◆ Your goal ◆
Restate all entries exactly. Skip the images.

**** Exercise inputs ****

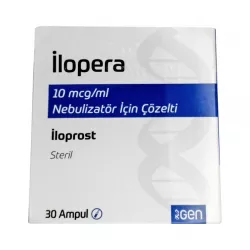 Илопрост ингаляционный Ilopera / Илопера :: 10мкг/мл небулы №30 в Кемерове и области фото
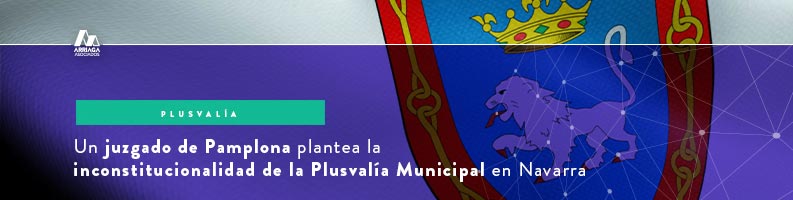 Plusvalía municipal Navarra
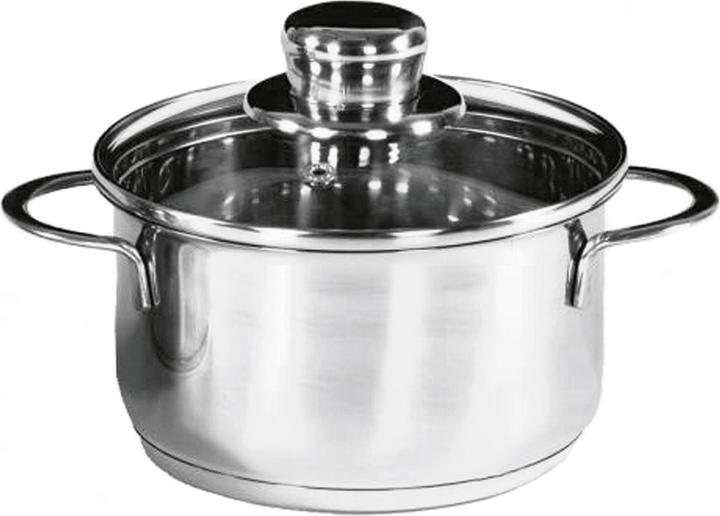 Immagine prodotto Krüger Pentola di carne 'Saturn (14 cm, Pirofila + casseruola, Acciaio inossidabile)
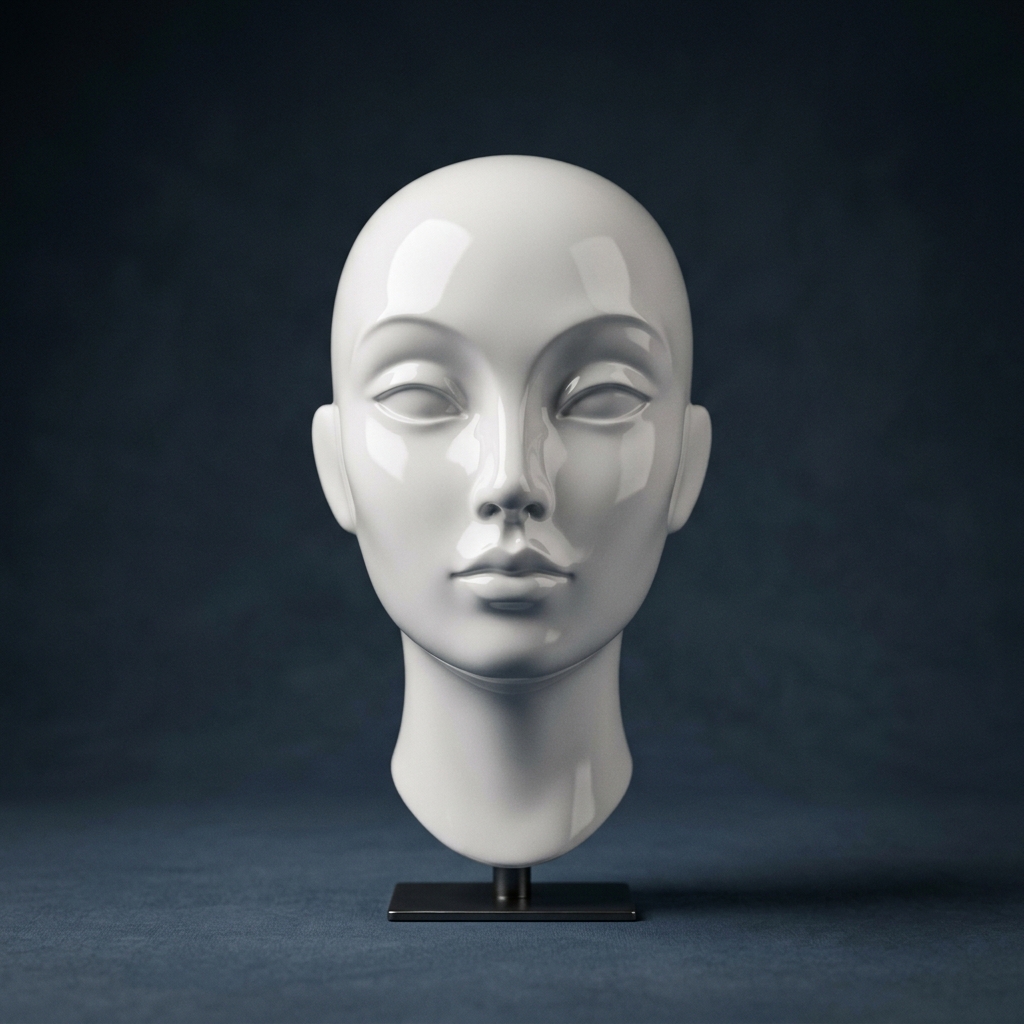 Mannequin Face Model Preview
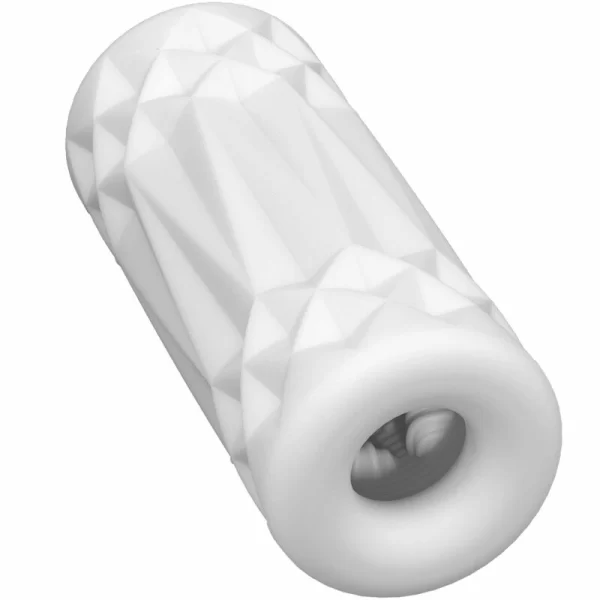 BM-00900T88A Flip-Top Can Discreet Intimate Device 11cm White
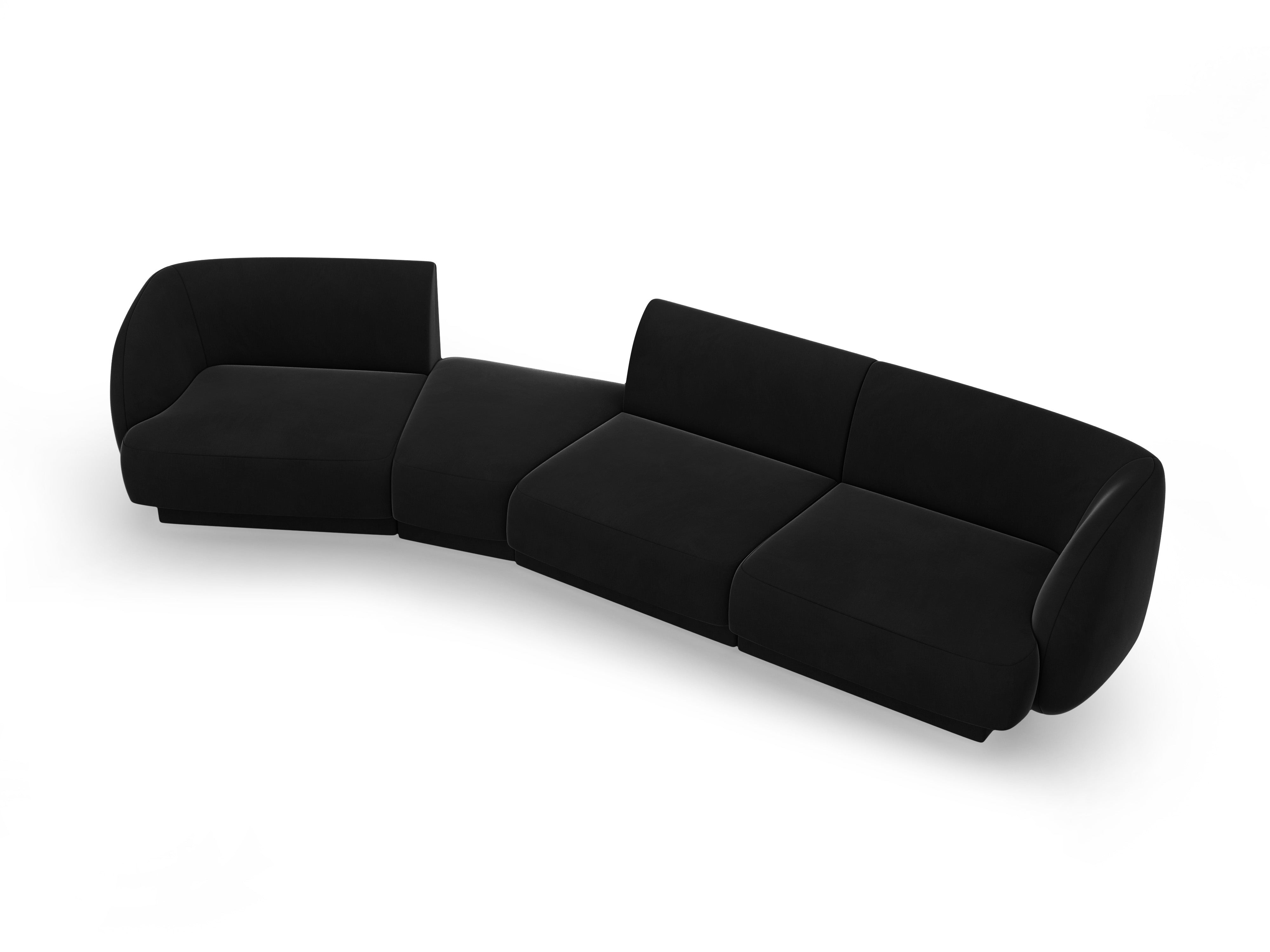 Sofa Miley 327x132cm, Materijal: Baršun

****

◆ Result of the task ◆
 Илопрост ингаляционный Ilopera / Илопера :: 10мкг/мл небулы №30 в Кемерове и области фото
 Plusvalía municipal Navarra
 Immagine prodotto Krüger Pentola di carne 'Saturn (14 cm, Pirofila + casseruola, Acciaio inossidabile)
 Mannequin Face Model Preview
 BM-00900T88A Flip-Top Can Discreet Intimate Device 11cm White
 Sofa Miley 327x132cm, Materijal: Baršun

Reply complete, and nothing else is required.